[SUPPLIED RECORDS]
>>>>>
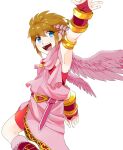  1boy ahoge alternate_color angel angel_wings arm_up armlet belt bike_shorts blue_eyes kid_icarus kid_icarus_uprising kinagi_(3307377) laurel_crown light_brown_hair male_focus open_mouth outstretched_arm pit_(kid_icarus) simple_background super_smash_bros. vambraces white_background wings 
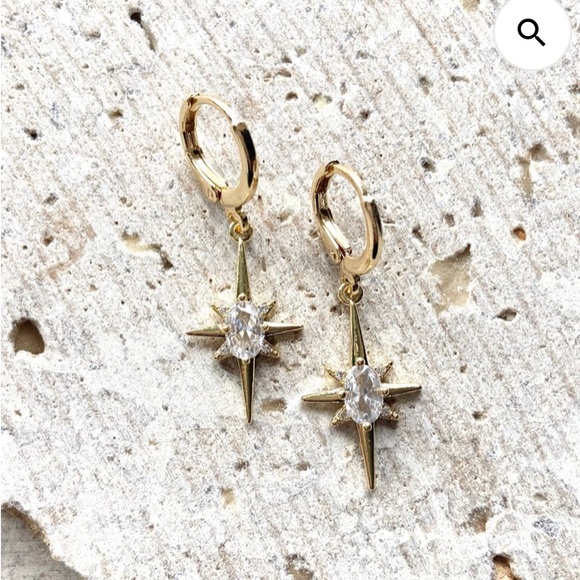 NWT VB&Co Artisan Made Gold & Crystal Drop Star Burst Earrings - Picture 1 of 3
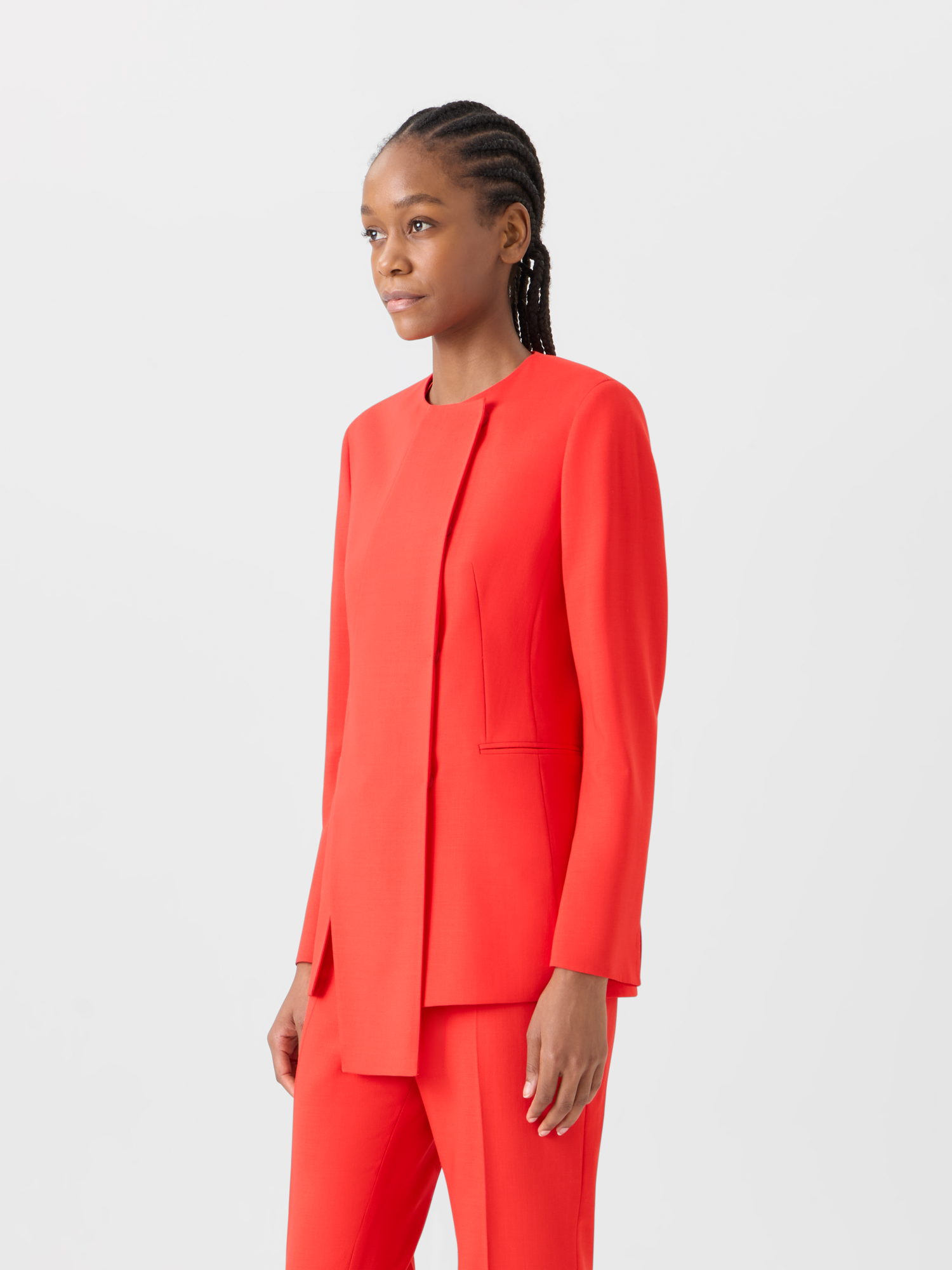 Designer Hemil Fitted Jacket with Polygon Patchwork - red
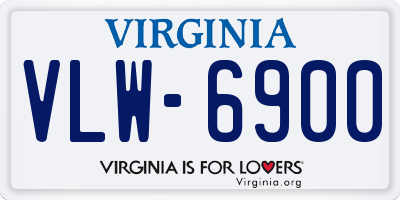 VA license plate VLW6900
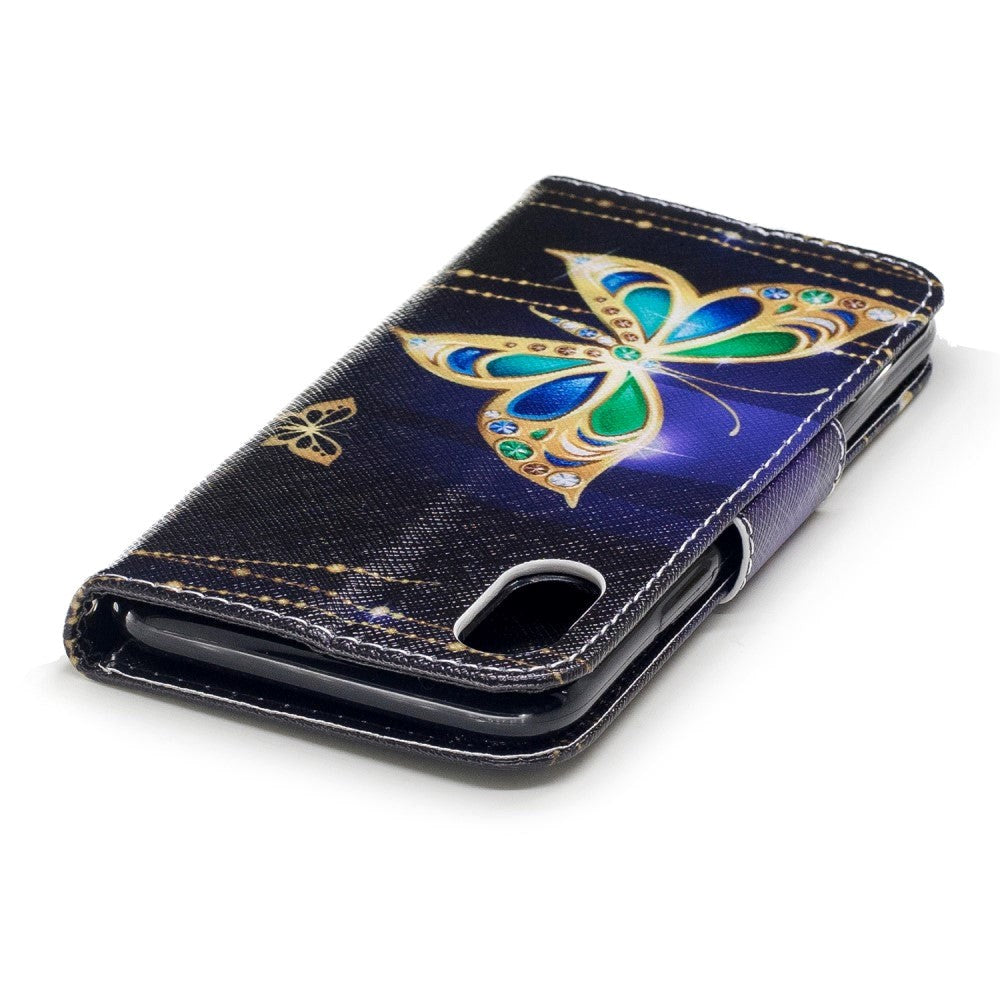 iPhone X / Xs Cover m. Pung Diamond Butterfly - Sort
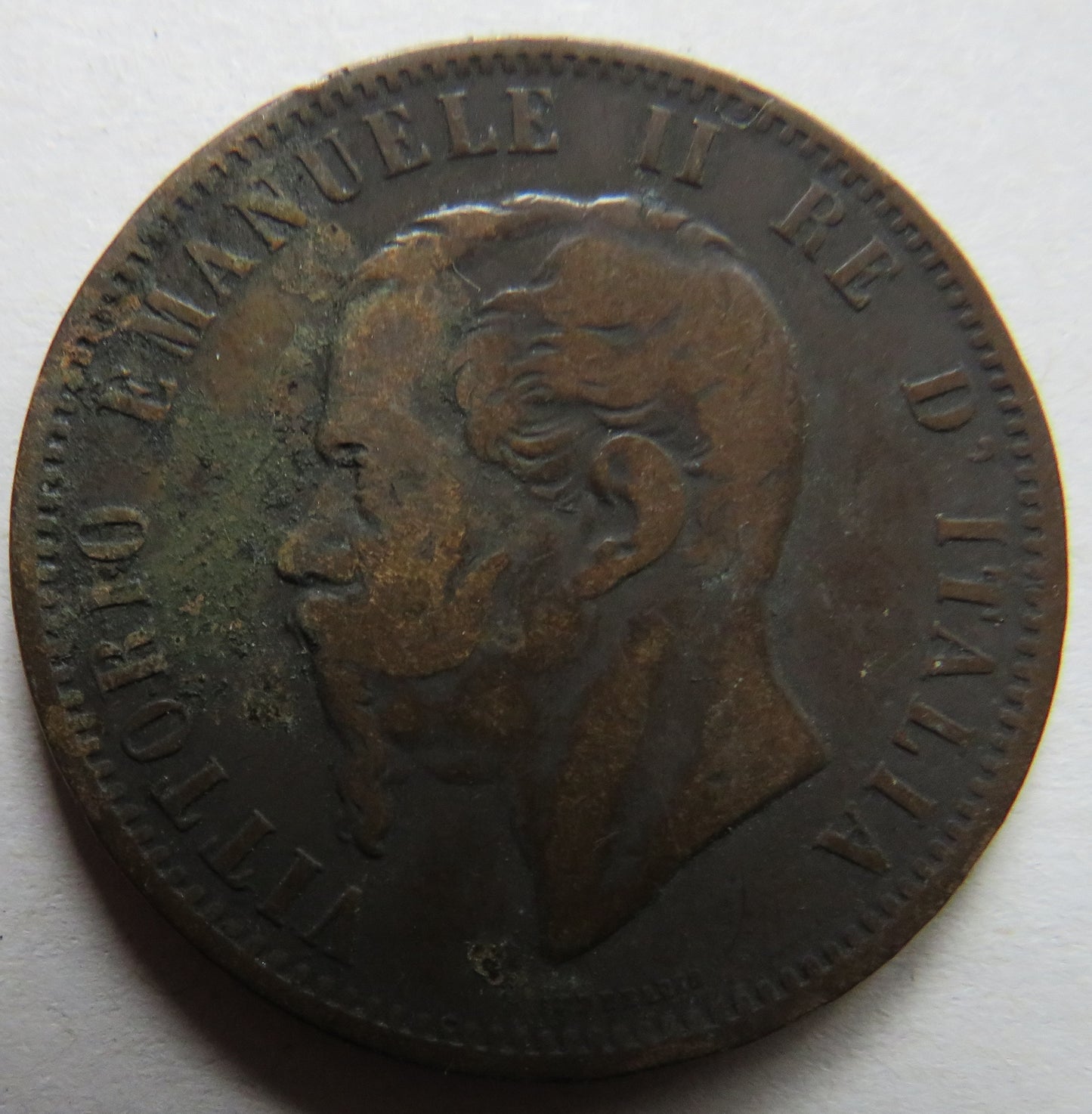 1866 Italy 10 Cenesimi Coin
<<<<<
>>>>>
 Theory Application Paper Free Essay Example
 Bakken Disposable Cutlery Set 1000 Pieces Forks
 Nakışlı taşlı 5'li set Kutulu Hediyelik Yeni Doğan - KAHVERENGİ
<<<<<
>>>>>
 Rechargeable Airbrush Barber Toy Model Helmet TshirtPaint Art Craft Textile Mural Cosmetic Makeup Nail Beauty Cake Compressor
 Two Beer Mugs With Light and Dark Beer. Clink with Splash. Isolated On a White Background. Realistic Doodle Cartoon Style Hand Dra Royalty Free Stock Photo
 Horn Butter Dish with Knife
<<<<<
[AIM OF THE EXERCISE]
In the records above, find the line with "1boy ahoge alternate_color" and the line with "1866 Italy 10 Cenesimi Coin"; please transcribe exactly those two lines and all lines between them, omitting any picture.

[ANSWER TO THE EXERCISE]
  1boy ahoge alternate_color angel angel_wings arm_up armlet belt bike_shorts blue_eyes kid_icarus kid_icarus_uprising kinagi_(3307377) laurel_crown light_brown_hair male_focus open_mouth outstretched_arm pit_(kid_icarus) simple_background super_smash_bros. vambraces white_background wings 
 NWT VB&Co Artisan Made Gold & Crystal Drop Star Burst Earrings - Picture 1 of 3
 Designer Hemil Fitted Jacket with Polygon Patchwork - red
 VA license plate VLW6900
 iPhone X / Xs Cover m. Pung Diamond Butterfly - Sort
 1866 Italy 10 Cenesimi Coin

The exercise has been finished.